IFTI, value types, and top-level const

[Diggory]

On Sunday, 9 June 2013 at 12:19:13 UTC, Peter Alexander wrote:
> On Sunday, 9 June 2013 at 10:49:17 UTC, Jonathan M Davis wrote:
>> On Sunday, June 09, 2013 12:33:39 Peter Alexander wrote:
>>> It looks like the core issue here is that it's simply not
>>> possible to create a mutable copy of a const object with
>>> indirection:
>>
>> Part of my point here (that you seem to have missed) is that 
>> there is a cost
>> to making it so that const is stripped from the type even if 
>> you can do so. It
>> _forces_ a copy if the value being passed in isn't mutable, 
>> whereas if the
>> constness were the same, then the value being passed in could 
>> potentially be
>> moved rather than copied. As such, I don't know if we even 
>> want to strip the
>> constness even if we can.
>
> A full copy is only required if you go from const->mutable, but 
> that's completely expected and unavoidable.

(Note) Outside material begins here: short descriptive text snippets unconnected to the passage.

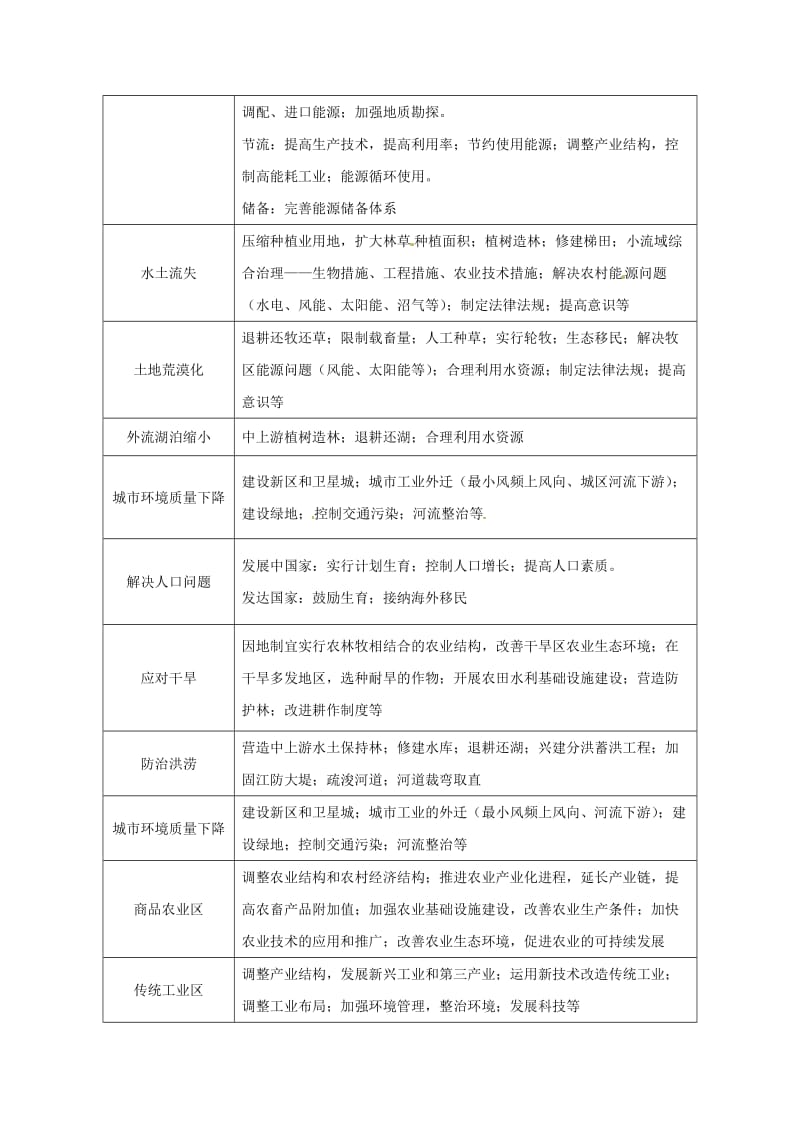 2019年高考地理 妙解非选择题 专题4 妙解提出方法措施题学案.doc_第2页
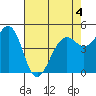 Point Richmond tide chart for Wednesday, May 4, 2022
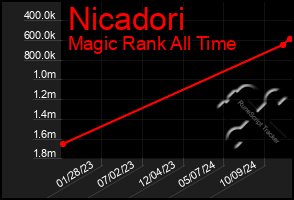 Total Graph of Nicadori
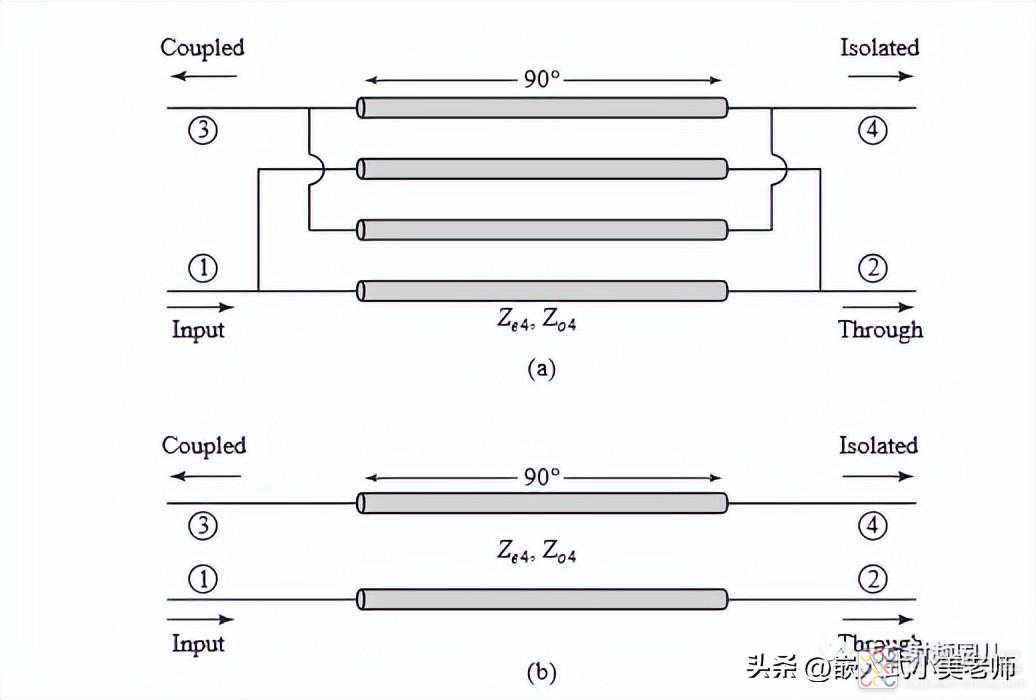 d93d5b3f5fa649748e6618fe470b1d02~noop.image?_iz=58558&from=article.jpg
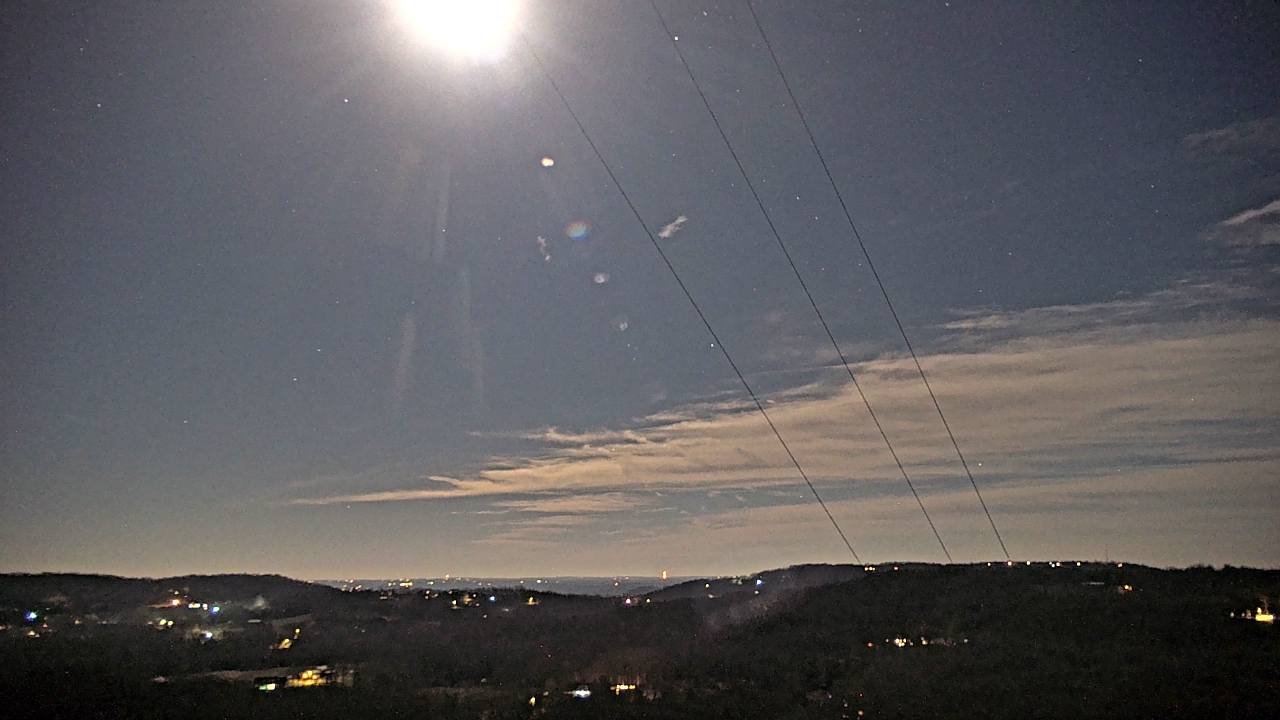 Thumbnail for current weather camera view from Townes 5G LLC in Lewisville, Arkansas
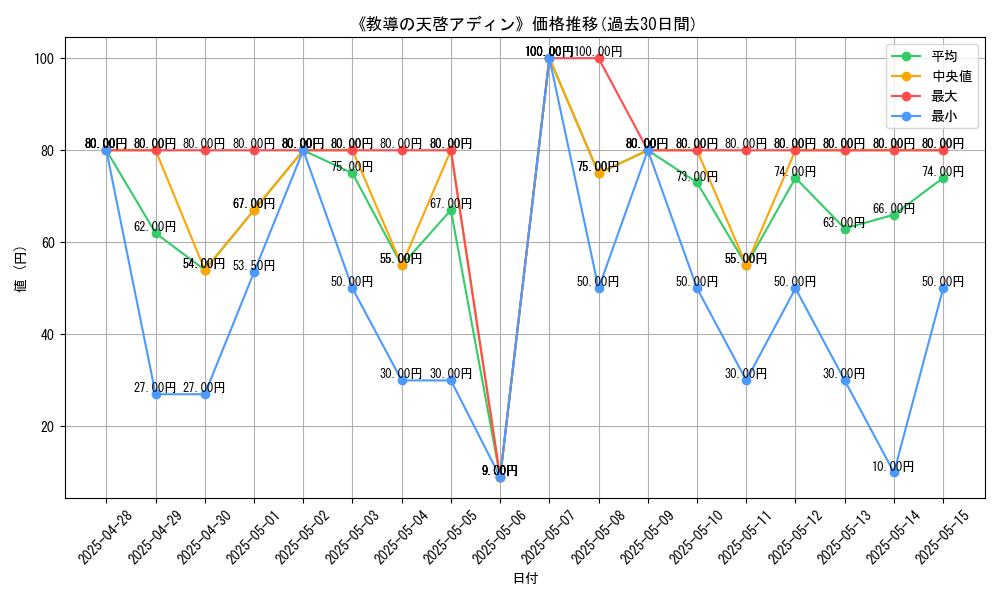 graph_card_108890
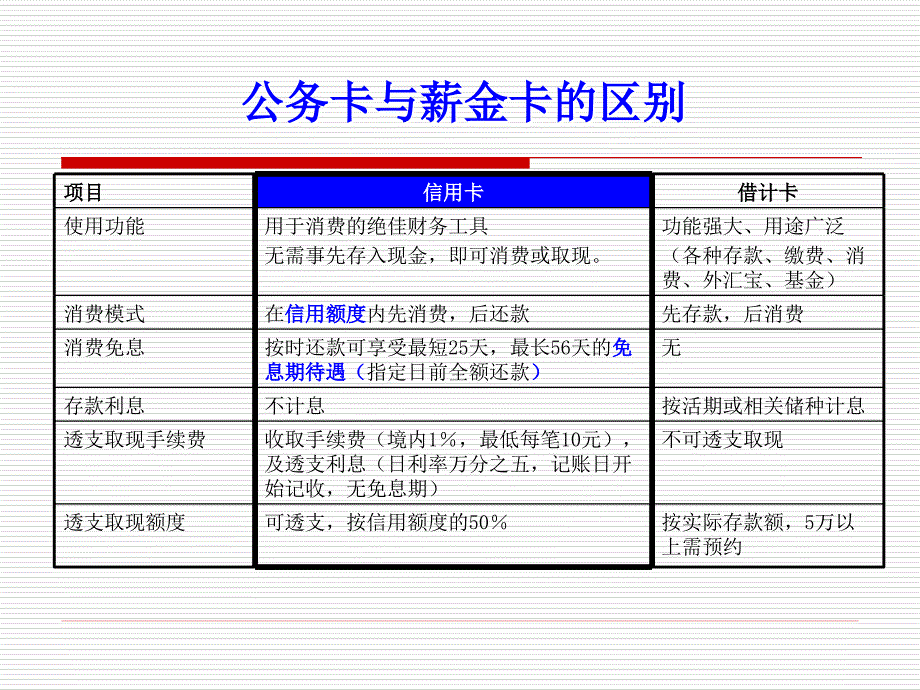 公务卡使用小常识_第2页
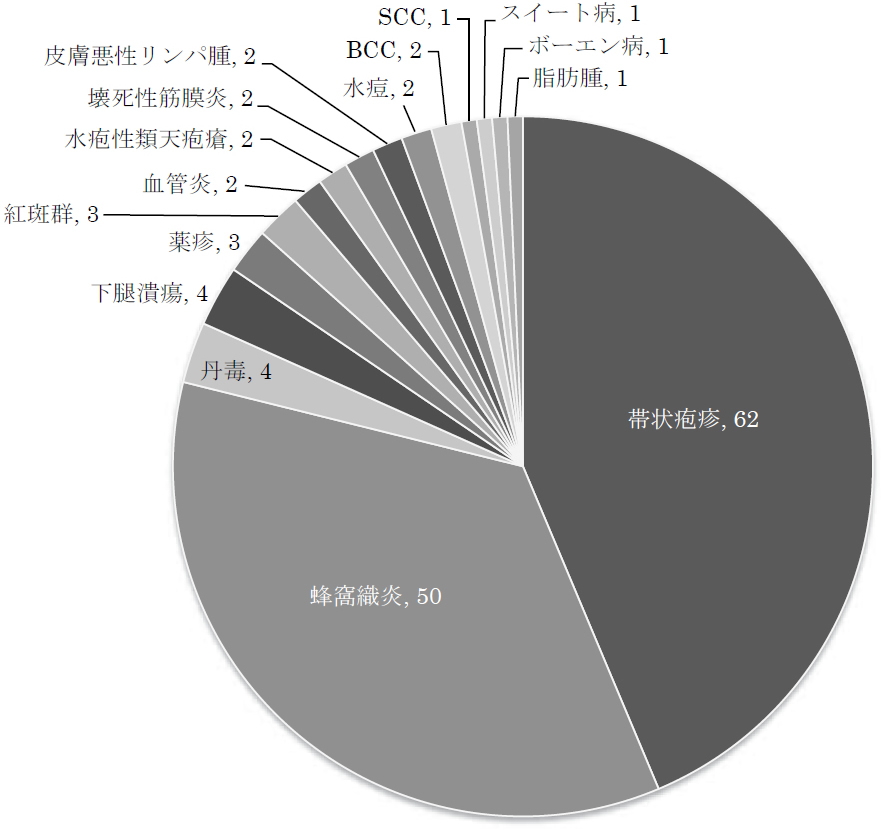 入院診療の実績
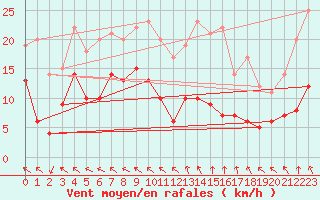 Courbe de la force du vent pour Ploudalmezeau (29)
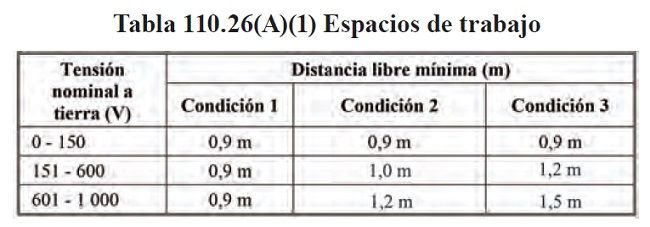 Como diseñar los espacios de las subestaciones y cuartos eléctricos. <strong><font color="E87D23">!!! PREMIUM !!!</font></strong> 2 Tabla 110.26 (A)(1) Espacios de trabajo
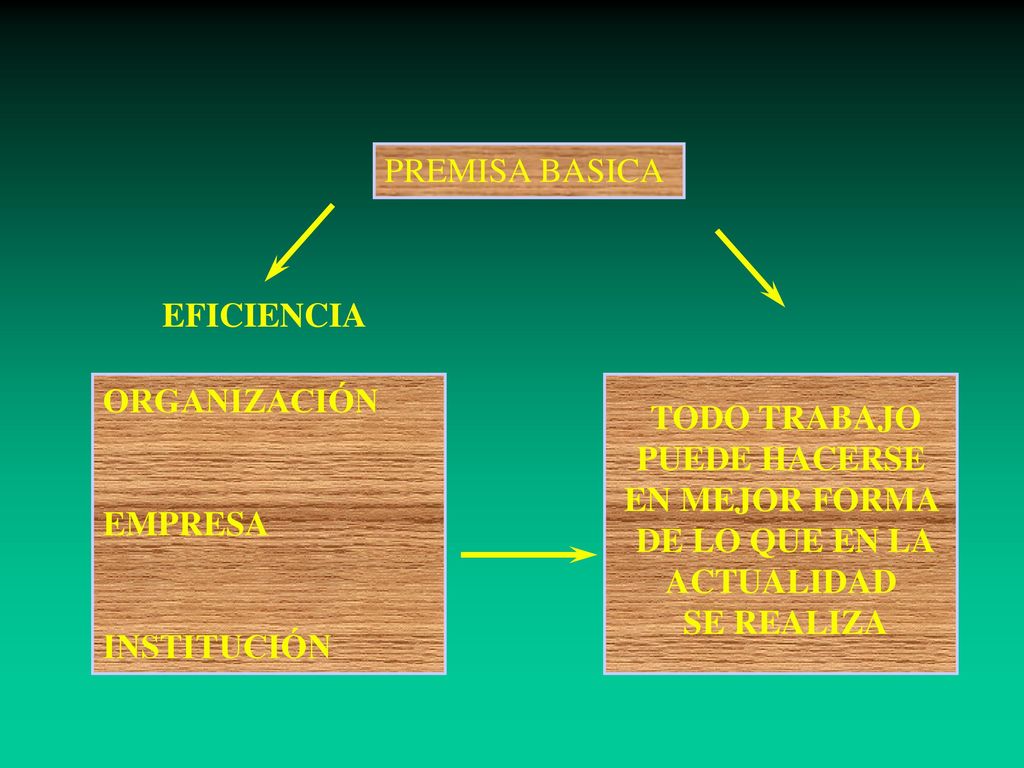 PREMISA BASICA EFICIENCIA. ORGANIZACIÓN. EMPRESA. INSTITUCIÓN. TODO TRABAJO. PUEDE HACERSE. EN MEJOR FORMA.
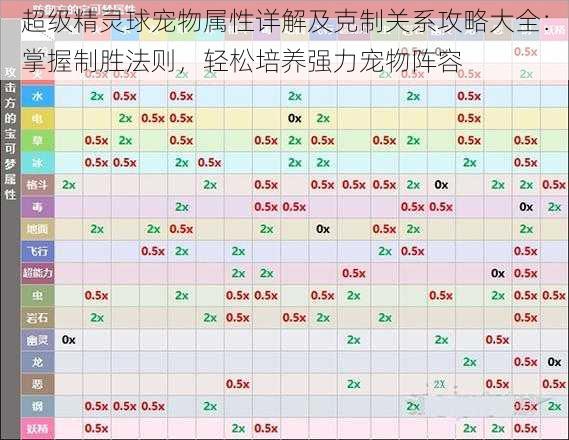 超级精灵球宠物属性详解及克制关系攻略大全：掌握制胜法则，轻松培养强力宠物阵容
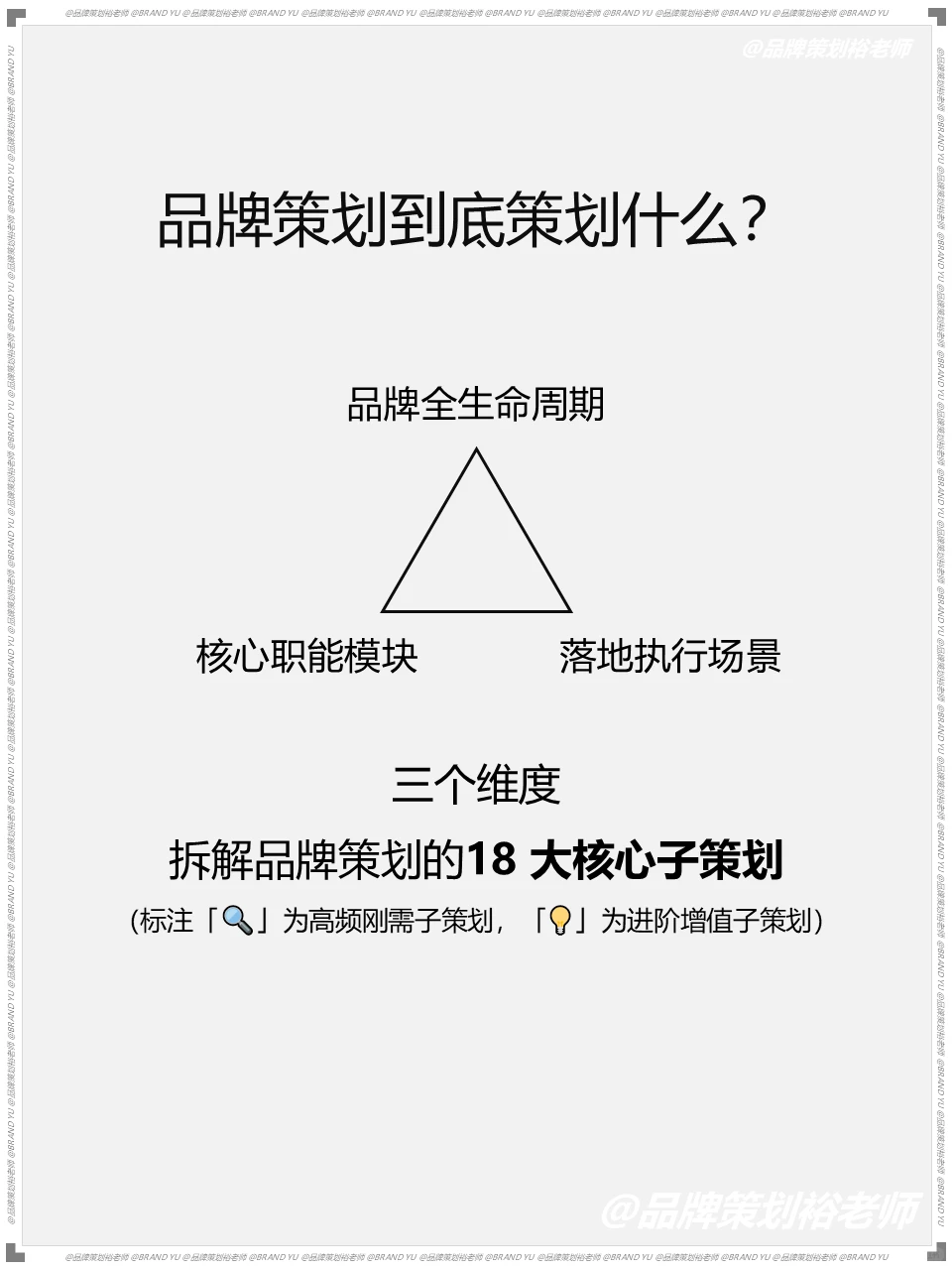 品牌策划到底策划什么？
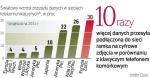 Zaawansowanie regionów w nowych technologiach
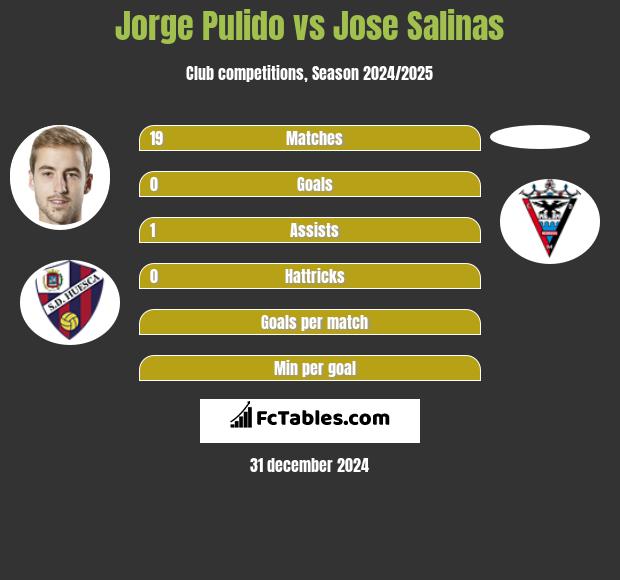 Jorge Pulido vs Jose Salinas h2h player stats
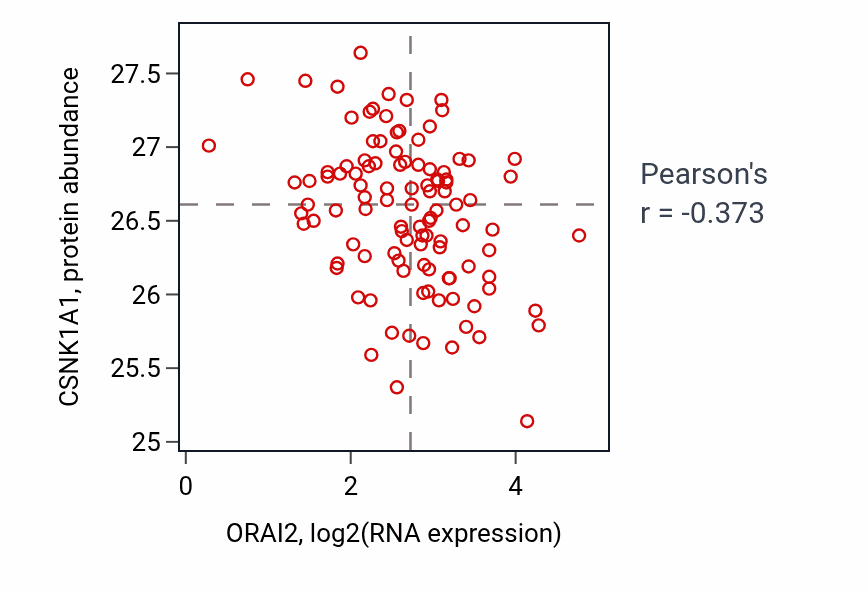 Per-sample scatter of ORAI2 vs CSNK1A1 in HNSC (Pearson r = -0.37).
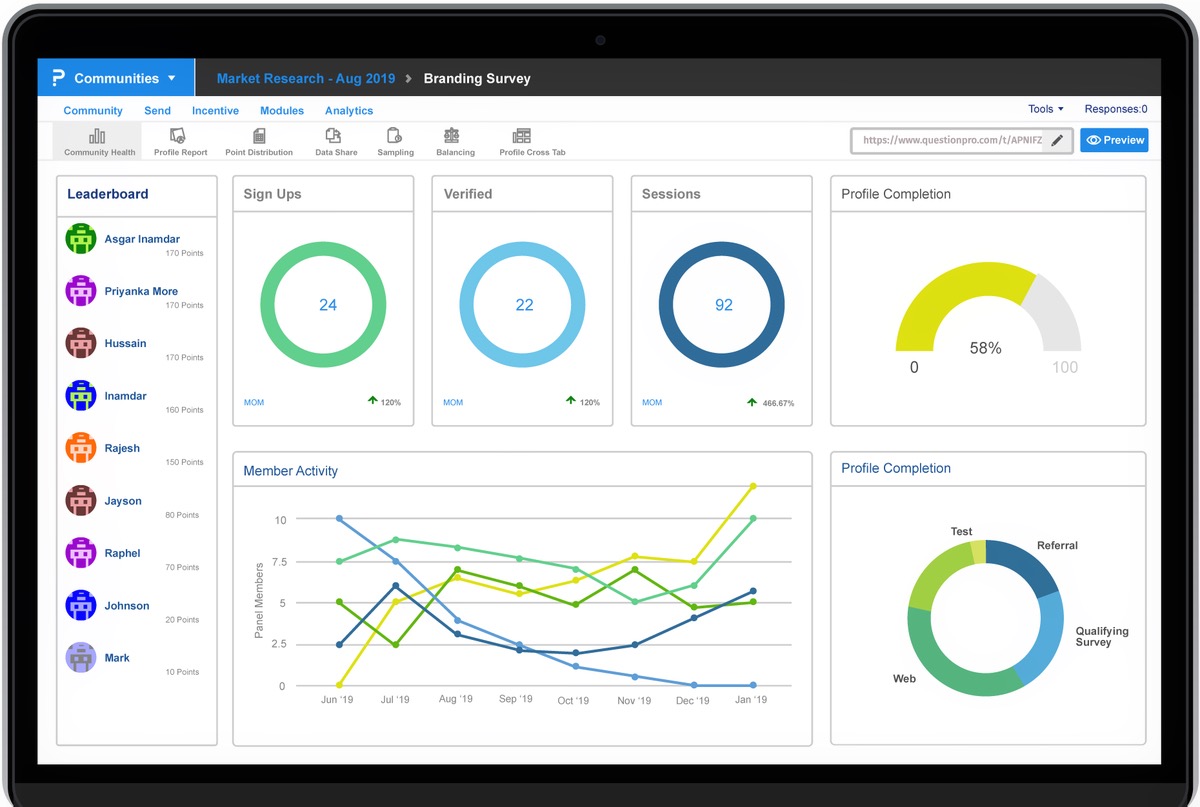 Online community: qualitative and quantitative insights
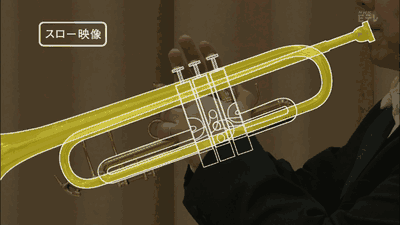 6. Cách kèn trumpet tạo ra giai điệu.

Going from 
> const->const or mutable->mutable will preserve the move 
> opportunity.
>
> It's completely a non-issue as far as I'm concerned: if you 
> want a mutable value and you're given a const value then you 
> *must* make a deep copy. This is true in current D.
>
> The difference comes in with how we handle IFTI.
>
> When I see this:
>
> void foo(T)(T x) {}
>
> I read this as explicitly requesting a mutable T, and if you 
> call it with a const(T) then yes you will need a copy (it's 
> unavoidable).
>
> I would suggest that if you do NOT need a mutable T, then you 
> should specifically ask for const:
>
> void foo(T)(const T x) {}
>
> That way, you get the move no matter what.

Yeah, as long as it still prefers to match "const" during 
overload resolution then it's always possible to provide a const 
version when needed:

void foo(T)(T x) {}
void foo(T)(const T x) {}

const int a = 1;
foo(a);

Clearly T should match "int" rather than "const(int)", and then 
the second overload called.